How am I a grown adult person? Who authorized this?
I wonder this on a daily basis, and yet here I am with a window open for a chat with a realtor and another with my goddaughter, who is getting over the crud, while I track the shipping on the presents for my niece's baby shower and keep an ear out for the oven to finish heating up so I can shove supper in.
Meanwhile, I can hear my spouse and my 34-year-old offspring kibbitzing about being managers before going into a Destiny raid. Ken haaaaaaates managing people and is irritated to find that he is very good at it.
There's way too much shit to keep track of as a grown adult. I do not approve. Nor do I manage to keep track of it all.
Indeed
I texted my neighbor Omar and told him I had wine but had already packed my glasses, and did he want to bring his own glass over.
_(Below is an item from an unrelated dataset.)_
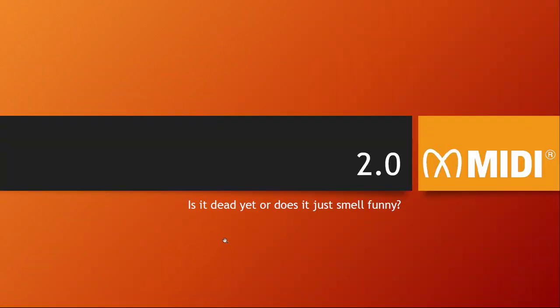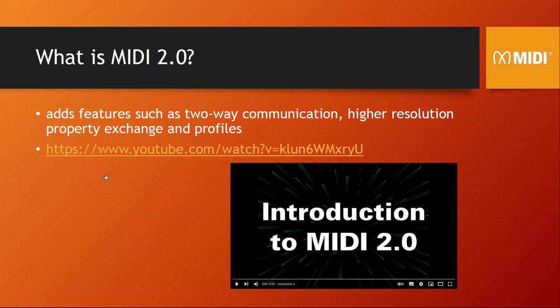Hello everybody, welcome to this video about MIDI 2.0. I'm asking the question: is it really a thing, or is it dead before it was even born? Sorry for the clickbait title, but MIDI 2.0 got announced three years ago and up to today there's not a single product you can buy on the market. Because of that, the question must be asked — what's happening, or will it happen? In this video we will look at the current situation and hopefully answer the question if there is hope.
He came running over with an empty glass and we had a delightful visit sitting in the driveway until it started raining. Part of my saying adios to neighbors. Sigh.
There's way too much shit to keep track of as a grown adult. I do not approve. Nor do I manage to keep track of it all.
Cosigned
Ken haaaaaaates managing people and is irritated to find that he is very good at it.
Aw. That seems both the way of the world and very sweet
Wait, Ken is 34? Nope. Does not compute.
There's way too much shit to keep track of as a grown adult. I do not approve. Nor do I manage to keep track of it all.
Fucking SERIOUSLY, man.
Oh, hey, we saw John Mulaney's new tour last night, and it was really good. Definitely worth seeing. Although a good 75% is about his relapse/intervention/rehab, so if that's not your cup of tea, maybe skip it.
It was the first live event I've attended where we had to put our cell phone in locking pouches (that we kept with us), and it was (1) weird, (2) annoying, (3) oddly parental, and (4) pointed out how much I use my damn phone, because as soon as we sat down and I realized Steely Dan was playing, I immediately went to text my brother to tell him that (we really do just text each other the minutiae of our daily lives all day long), and realized, shit, my phone is locked up.
Oof, Epic, I hope they figure some things out for you.
How am I a grown adult person? Who authorized this?
Listen.
Oh, thank GOD. Tim finally has an appointment with a therapist for Saturday. I know sometimes you don't click with the first therapist (although I did with mine), but I'm crossing my fingers they click, because he is dealing with so much shit right now.
Digits crossed that it is a good match for Tim.
Fingers crossed, Teppy. And I have never heard of this locking pouches thing. How does that even work?? Is it to prevent people from filming?
Laura that’s sweet that you could ask a neighbor for glasses and he’d come for wine!
I am not sure how I’m allowed to adult either sometimes. Like maybe “rent an apartment and manage ok” but not “plan for retirement and own a house”? I live in fear that I am not doing something I should be and the house is going to fall down around me due to neglect. That secretly there is rot everywhere and the bathtub will fall through the ceiling or the wiring will be eaten by mice and electrocute me or something.